At its simplest, bruschetta is done the Roman way where bread is flavoured with garlic and oil before being grilled over charcoal. Further south, people began adding tomatoes to that, and these days, we can find all sorts of things on bruschetta, such as anchovies, lightly roasted peppers and fresh cheeses.
While some people may think that bruschetta is ‘just tomatoes on toast,’ that is doing it down. If bruschetta is done right, with the right ingredients, and the right kind of heat source, then the whole thing is elevated to the level where is belongs, and explains why it remains a popular Italian classic.
Bruschetta con pomodoro
- 2 fresh, ripe tomatoes
- 4 slices of ciabatta
- 2 garlic cloves, peeled and halved
- Olive oil
- 4 basil leaves
Quarter, core, de-seed and evenly dice the tomatoes. Sprinkle them with salt in a bowl and leave them for 15 mins to extract some of their fluid.

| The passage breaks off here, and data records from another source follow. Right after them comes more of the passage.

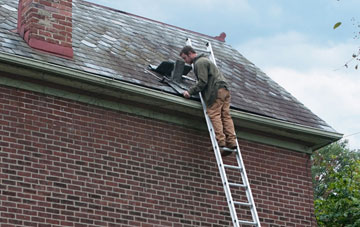 what affects urgent Bac roof repairs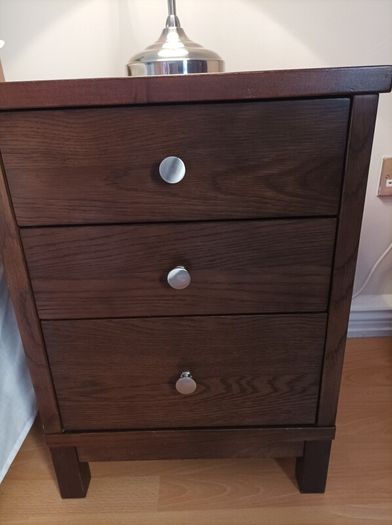 Bedside Locker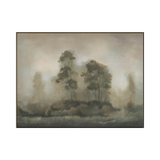 Forever Forest IV (63x47)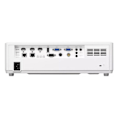 Miniatyrbild 2 av 4: Optoma ZU607T - projektor DL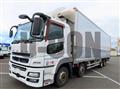 2015 Mitsubishi Fuso Super Great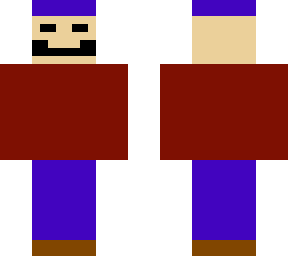 mario (mario bros)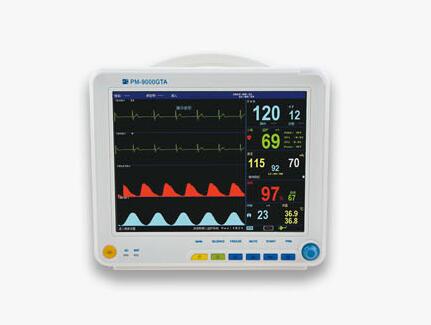 使用心电监护仪需要注意做好哪些防护？
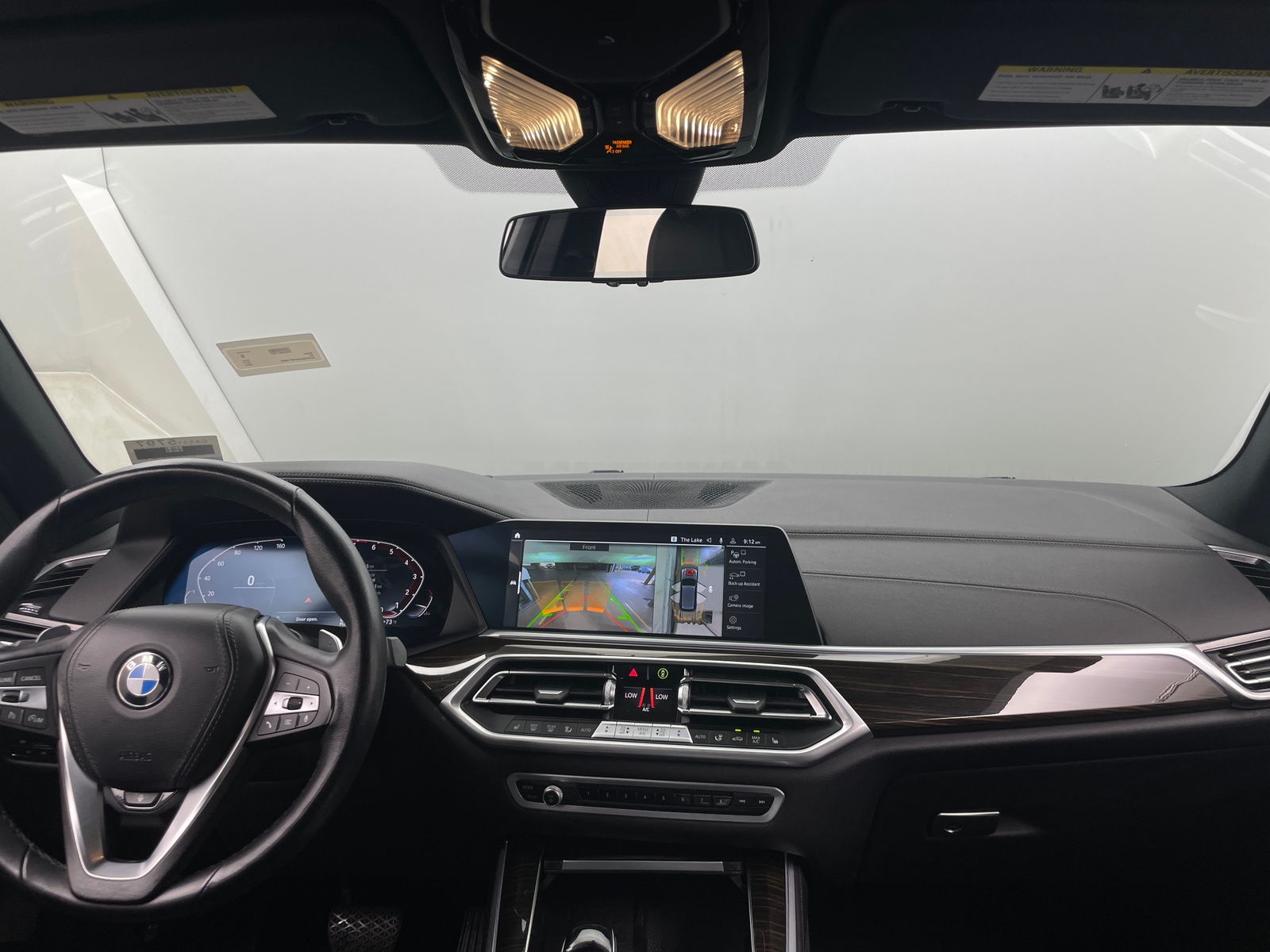 Thumbnail: 2023 BMW X5 - 2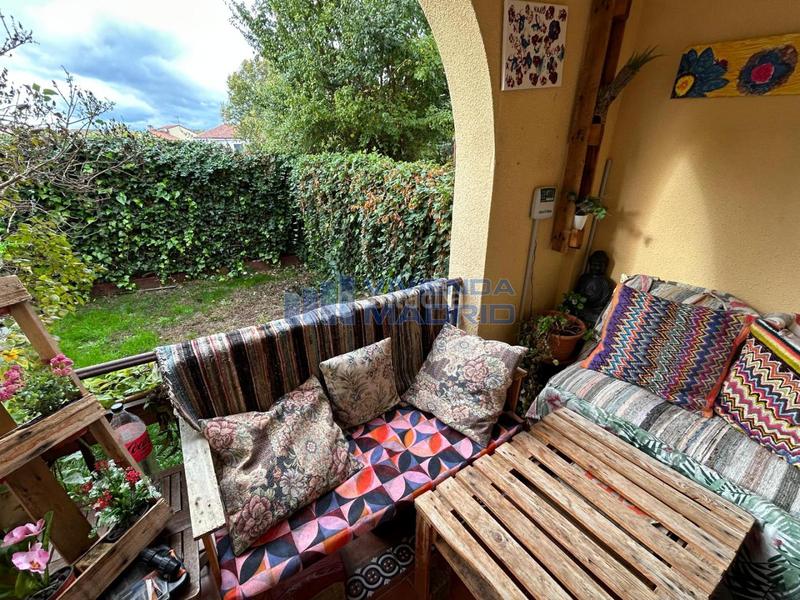 Foto c659692f-b27e-4ff8-9421-13c37dd152dc. Casa amb calefacció piscina a Talamanca de Jarama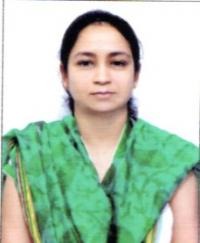 Dr. Priyambada Priyadarshini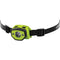 COAST HZ025 Intrinsically Safe LED Headlamp (Green)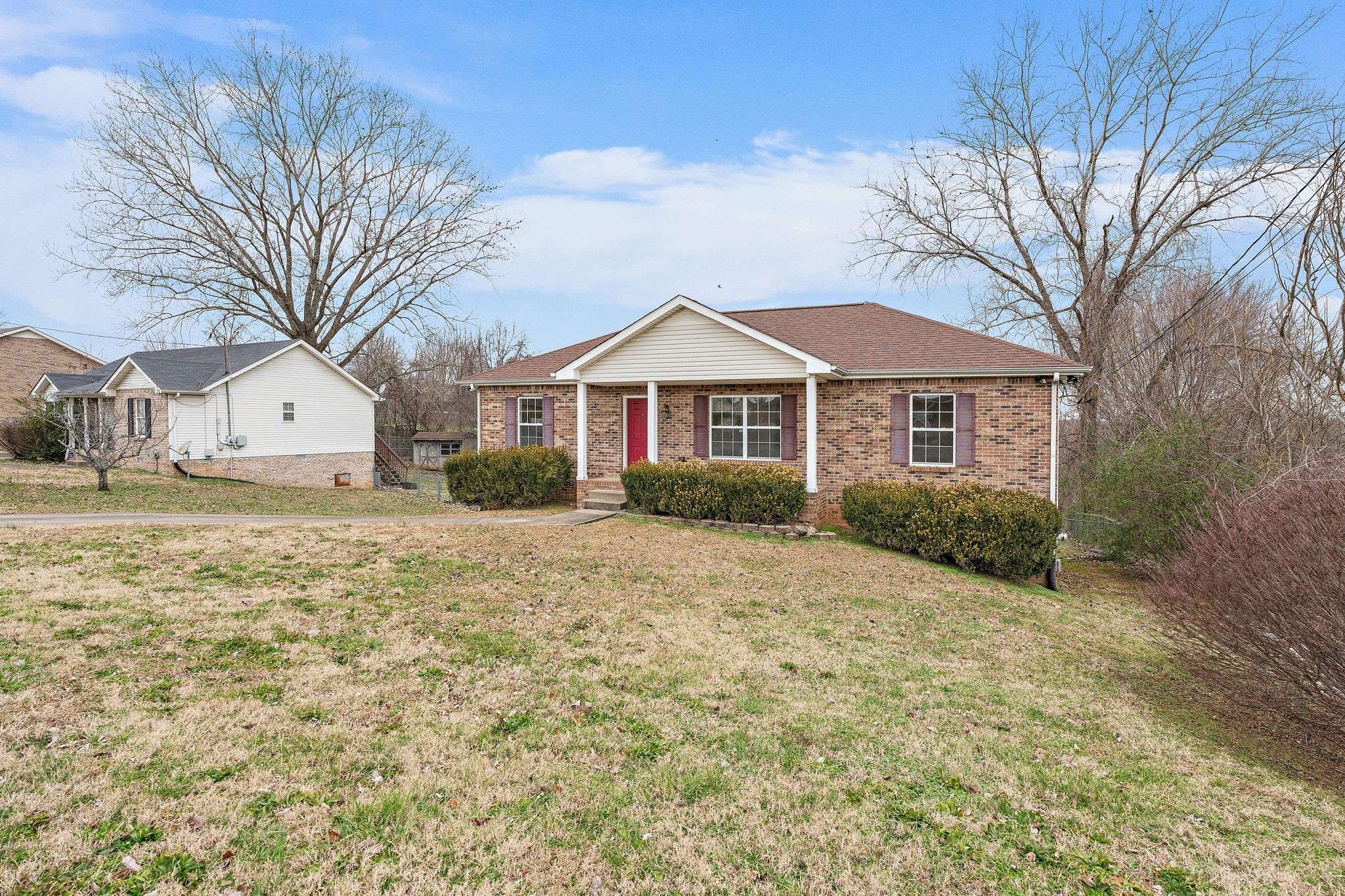 Clarksville, TN 37042,1009 Monica Dr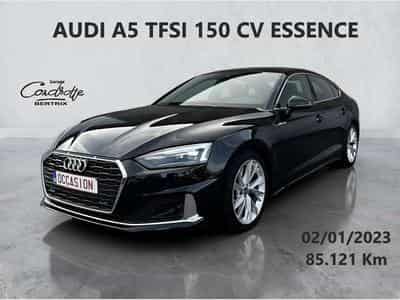 Audi A5 2.0 TFSI 150 CV S-TRONIC (2023) - Photo 1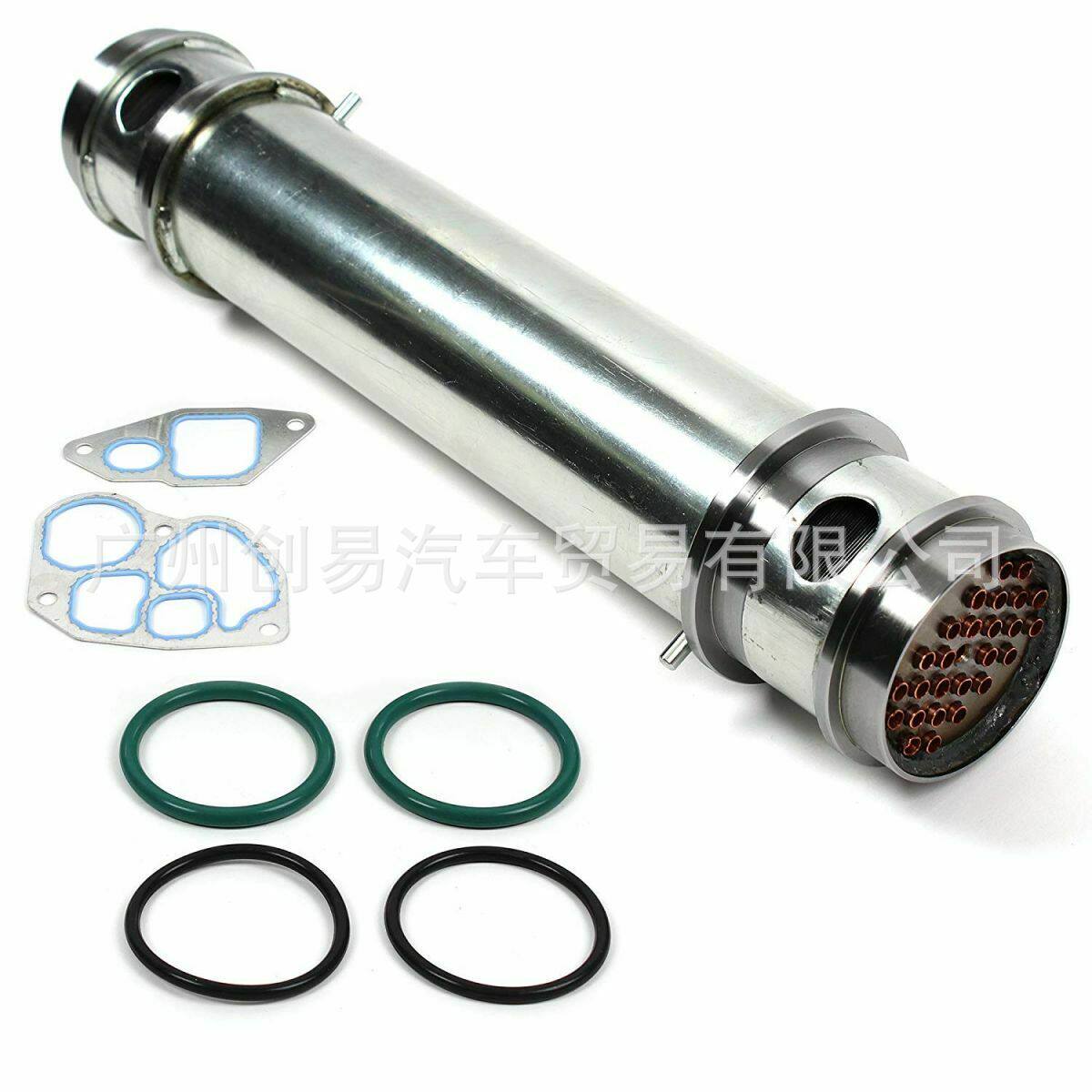 1C3Z6C610BA福特机油冷却器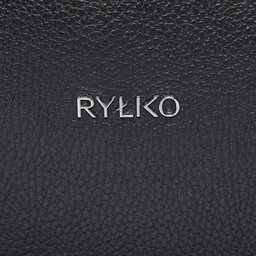 

Сумка Ryłko R40671TB Czarny/Beżowy 5XX, Чорний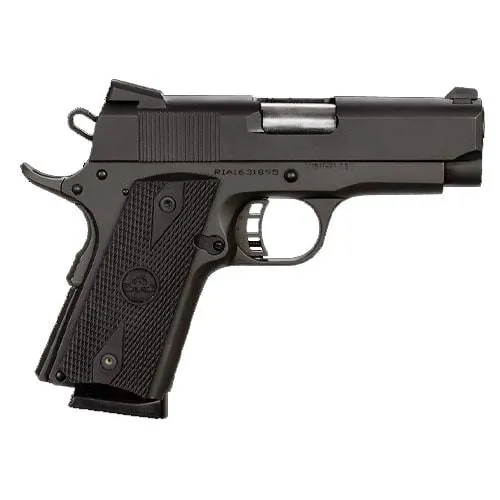 Rock Island 1911 Standard CS 45 ACP 3.60" 7+1 - View 2
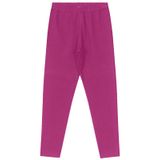 Calça Legging Infantil Feminina Rovitex Kids Rosa 16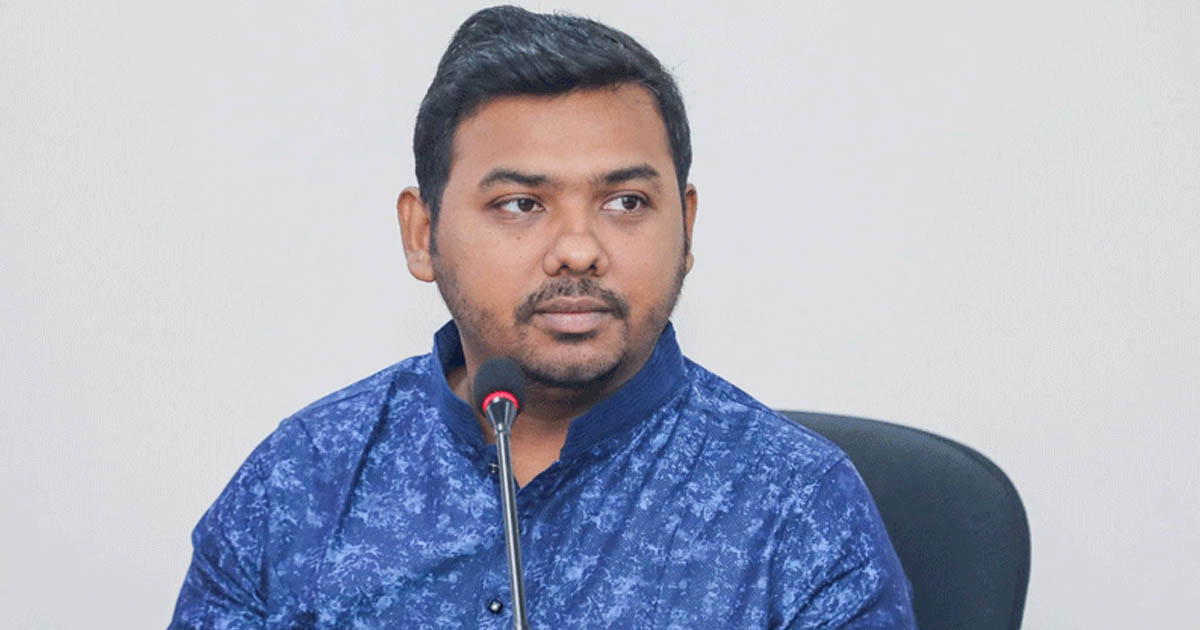 সাংগঠনিক কর্মকাণ্ডে ফিরছেন ফোনলাপ ফাঁস হওয়া এনসিপি নেতা তুষার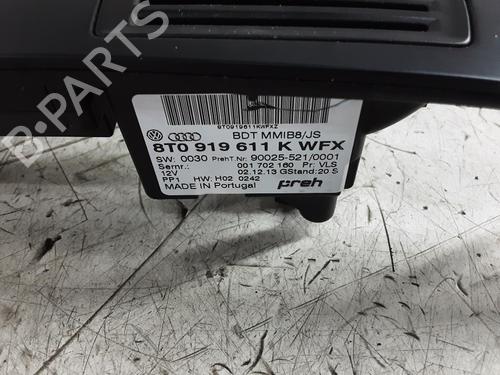 Switch AUDI A5 Convertible (8F7) 2.0 TDI | BP31312553I30 - Image 3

Wipe the bread with the exposed garlic flesh, brush evenly with olive oil and fry in a very hot riddle pan or on a hot gas barbecue. Once set on the grill, do not move them so that the nice charred lines form properly. Turn and do the other side.
Spoon the tomatoes on the toasted bread, and add a basil leaf.
Drizzle with a small amount of olive oil and serve.
Adding some roasted, chopped chilli to this would add a kick. Flavoured oils (e.g. steeped with thyme and bay) make a big difference in a dish this simple.